# New TOTW Puppy formulas.



## BlackGSD (Jan 4, 2005)

Just saw that they now have puppy formulas of High Prairie and Pacific Stream. Of course the website doesn't mention the calcium levels. Might just have to ask them.


----------



## Rott-n-GSDs (Jul 7, 2010)

Yup, I noticed.

They are nearly identical to the adult formulas. There are a few ingredients that are switched around, and the protein levels are lower in the puppy formula (although they didn't need to be lower). They also mention that the kibble size is smaller, which I find to be alarming because the TOTW kibble size is already pretty small.

Oh, and guess what? They're *more expensive*. Imagine that?

Let me know if you hear back from TOTW on ca/ph levels.


----------



## 4TheDawgies (Apr 2, 2011)

I second what Rott-N-GSDS said, let us know what you find out about the ca/ph levels and ratios. 

I find it bizarre they made a puppy food when all of their formulas are "all life stages" 

It was unnecessary, but my gosh seeing the "puppy formula" on a bag really sucks people in. I work at a dog & horse supply store where we sell food. I cannot even count how many people just buy a dog food because it had their dog on the bag, or it says puppy food and they have a puppy.


----------



## sable123 (Jul 11, 2010)

4TheDawgies said:


> I second what Rott-N-GSDS said, let us know what you find out about the ca/ph levels and ratios.
> 
> I find it bizarre they made a puppy food when all of their formulas are "all life stages"
> 
> It was unnecessary, but my gosh seeing the "puppy formula" on a bag really sucks people in. I work at a dog & horse supply store where we sell food. I cannot even count how many people just buy a dog food because it had their dog on the bag, or it says puppy food and they have a puppy.
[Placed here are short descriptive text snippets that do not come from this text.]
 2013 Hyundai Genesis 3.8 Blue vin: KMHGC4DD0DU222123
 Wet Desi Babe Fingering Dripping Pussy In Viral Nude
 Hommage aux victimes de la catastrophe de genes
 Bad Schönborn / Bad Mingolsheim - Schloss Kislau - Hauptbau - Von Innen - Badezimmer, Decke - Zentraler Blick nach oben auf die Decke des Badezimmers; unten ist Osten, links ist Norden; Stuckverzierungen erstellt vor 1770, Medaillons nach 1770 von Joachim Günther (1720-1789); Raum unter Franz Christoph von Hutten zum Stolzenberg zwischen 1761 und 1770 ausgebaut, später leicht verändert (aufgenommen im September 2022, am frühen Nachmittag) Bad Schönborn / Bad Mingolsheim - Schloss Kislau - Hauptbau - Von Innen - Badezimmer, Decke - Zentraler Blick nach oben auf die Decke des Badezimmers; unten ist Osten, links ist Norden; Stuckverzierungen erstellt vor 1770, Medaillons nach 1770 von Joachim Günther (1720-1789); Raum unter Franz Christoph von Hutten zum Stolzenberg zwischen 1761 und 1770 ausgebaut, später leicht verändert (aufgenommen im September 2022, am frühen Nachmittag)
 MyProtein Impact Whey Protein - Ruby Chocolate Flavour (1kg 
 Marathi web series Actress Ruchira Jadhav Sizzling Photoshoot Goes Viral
This is how Diamond works, or rather Schell & Kampeter, Inc. 10 million formulas virtually all the same, and all low quality. First in price-point marketing, private labels and last in quality.


----------



## Jax08 (Feb 13, 2009)

I fed TOTW for awhile and Jax would go through bags that she just wouldn't eat. A friend had the same problem when her dogs just refused to touch it. I always felt it was a problem with consistency and quality.


----------



## Rott-n-GSDs (Jul 7, 2010)

Jax08 said:


> I fed TOTW for awhile and Jax would go through bags that she just wouldn't eat. A friend had the same problem when her dogs just refused to touch it. I always felt it was a problem with consistency and quality.
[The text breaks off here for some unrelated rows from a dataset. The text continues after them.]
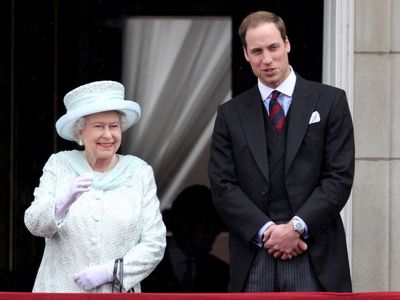 Queen Elizabeth’s sweet handwritten note to Prince William goes viral: ‘Granny’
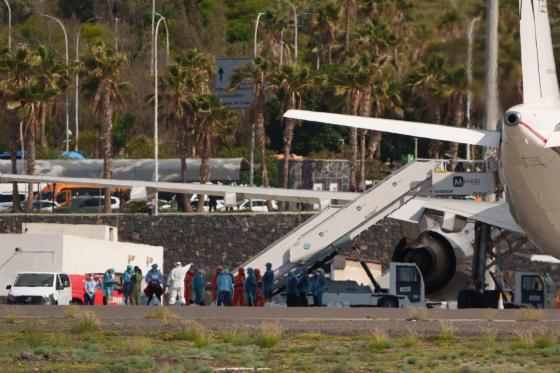  Los catorce pasajeros españoles que iban a bordo del crucero que ha sufrido un brote de hantavirus durante su travesía por el Atlántico Sur, el MV Hondius, han embarcado en el aeropuerto de Tenerife Sur en el avión del Ejército del Aire que los trasladará a Madrid, para iniciar un periodo de cuarentena en el Hospital Gómez Ulla.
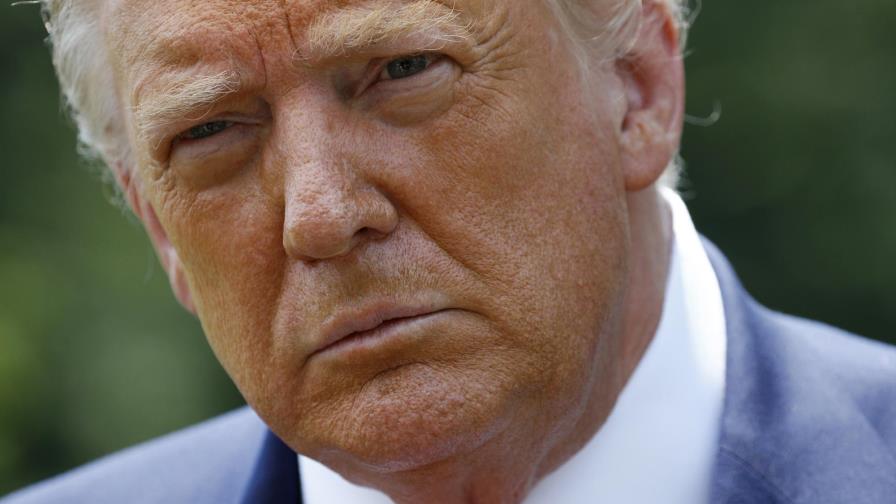 Trump habla menos del virus; estados buscan apoyo local
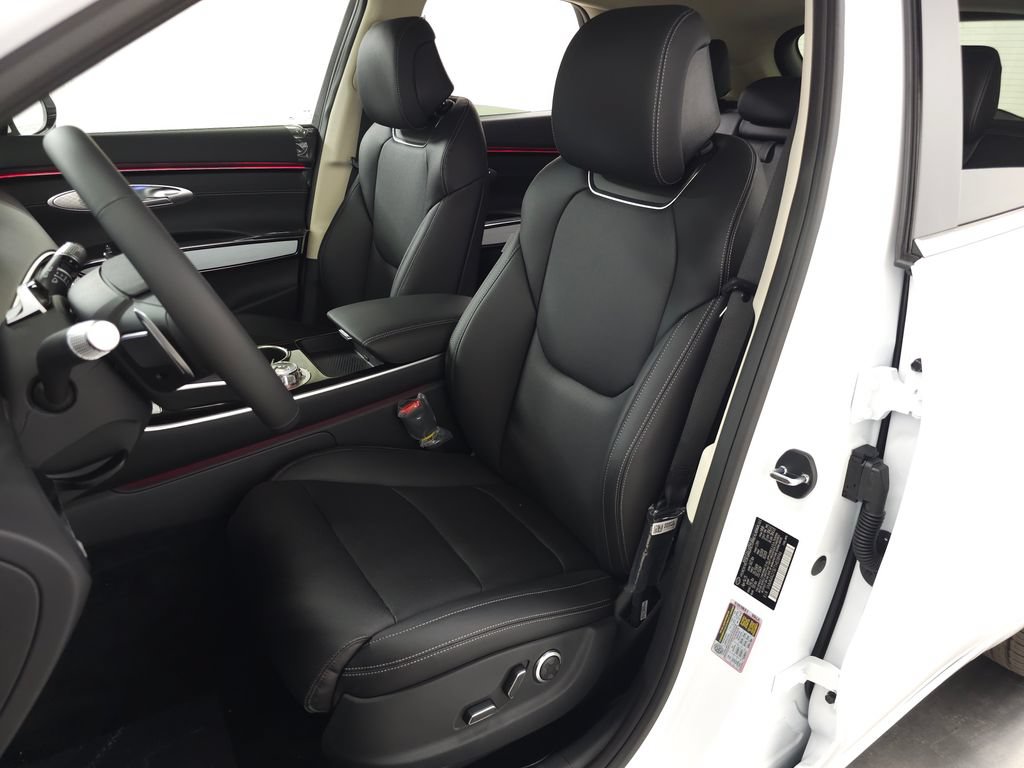 New 2026 Genesis GV70 2.5T AWD/4WD image 11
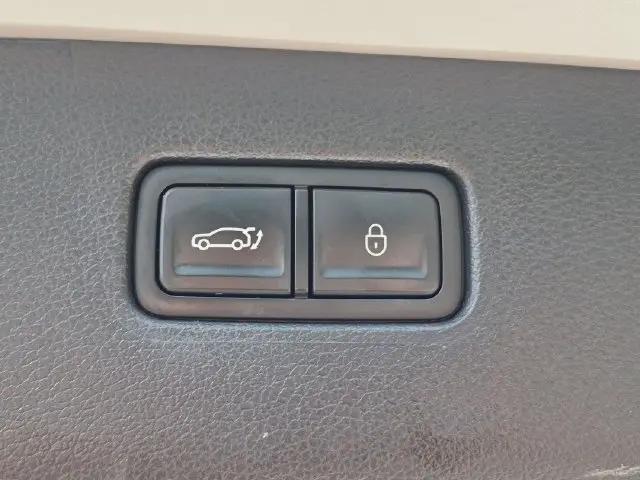 2022 Genesis GV80 2.5T A8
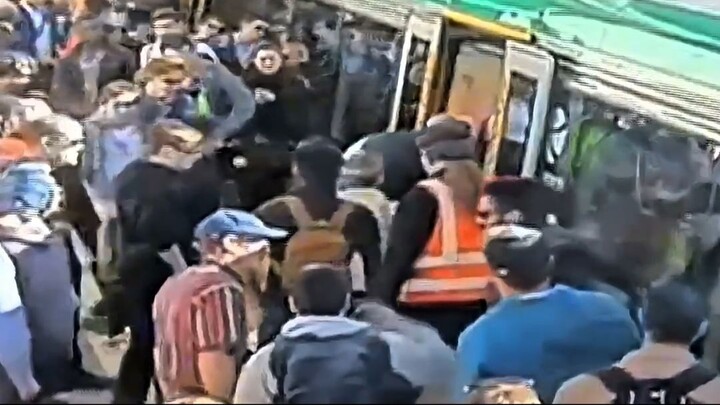อุทาหรณ์ขึ้นรถไฟฟ้า #viralvideo #ไม่น่าเชื่อ #viral #viralshorts #trending #เล่า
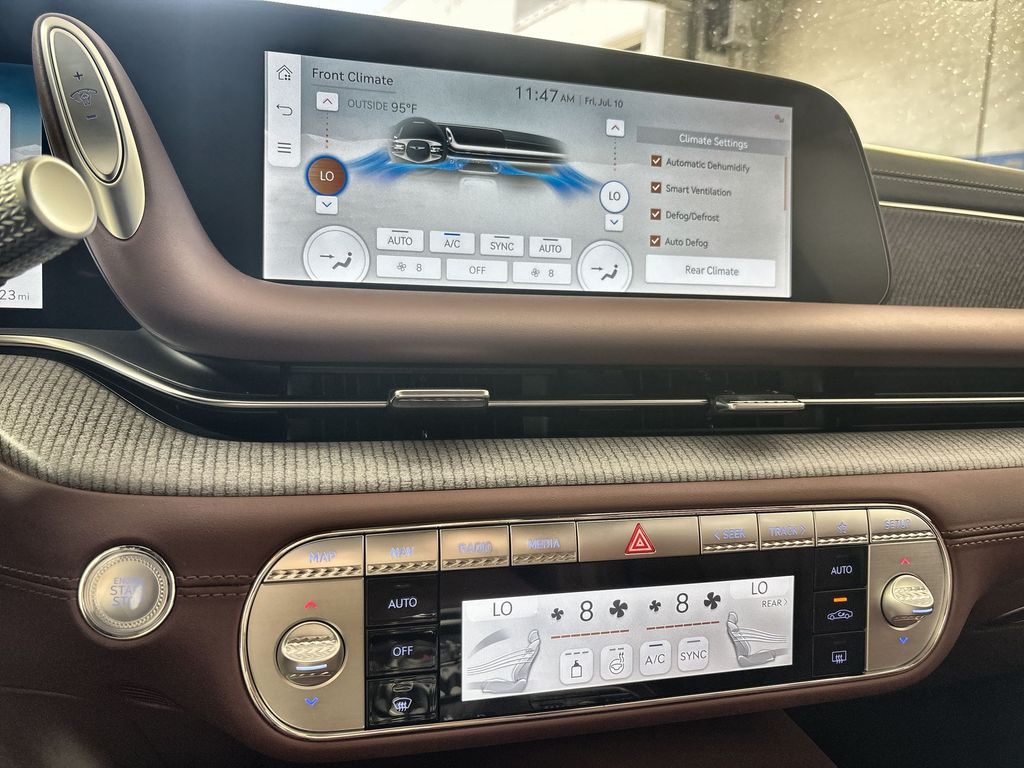 Thumbnail: 2026 Genesis G90 - 25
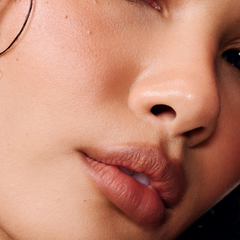 *PREORDEN* ¡NUEVO! Rhode Peptide Lip Shape (Individual) - comprar en línea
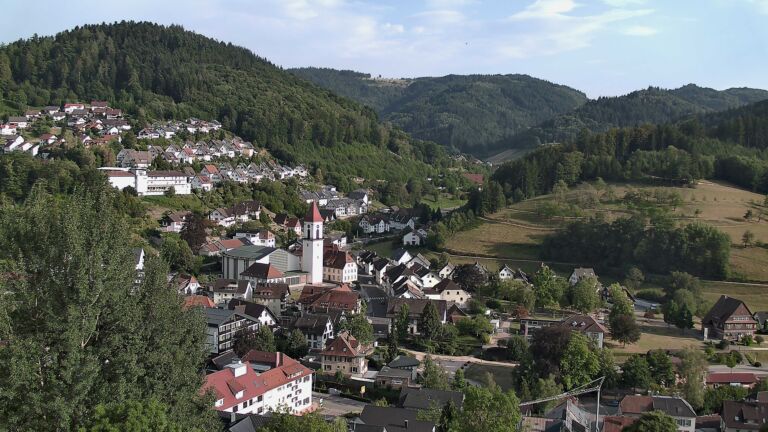 Dieses Bild zeigt eine Webcam-Aufnahme von Ottenhöfen, aufgenommen am Montag, den 03.08.2026 um 18:40 Uhr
There were actual "unofficial recalls" associated with the issue. You're probably lucky Jax wouldn't eat it: those that did eat the "bad" bags got severe diarrhea and vomiting. 

TOTW only would say that there was an "alternate protein source" that somehow made its way into some of the batches, or that there was "too much protein" in some of the bags. They wouldn't elaborate when asked what protein source.


----------



## sable123 (Jul 11, 2010)

I have also wondered why there is roasted meat in these formulas, it is possible they are of such bad quality that they can't be delivered to the factory unless they are sterilized. Who knows.


----------



## MustLoveGSDs (Oct 31, 2008)

I don't understand why so many people hail TOTW when Diamond manufacturing is the king of recalls?


----------



## Rott-n-GSDs (Jul 7, 2010)

It's cheap and grain free... 'nuff said.


----------



## sable123 (Jul 11, 2010)

Rott-n-GSDs said:


> It's cheap and grain free... 'nuff said.


So are you saying most people are, well, not too bright?


----------



## LaRen616 (Mar 4, 2010)

I was feeding TOTW, I never had a single problem with it, I was ok with the ingredients and the price tag. I would still recommend it.

I have since switched the dogs over to Wellness but the cats still get TOTW.


----------



## Jax08 (Feb 13, 2009)

Rott-n-GSDs said:


> There were actual "unofficial recalls" associated with the issue. You're probably lucky Jax wouldn't eat it: those that did eat the "bad" bags got severe diarrhea and vomiting.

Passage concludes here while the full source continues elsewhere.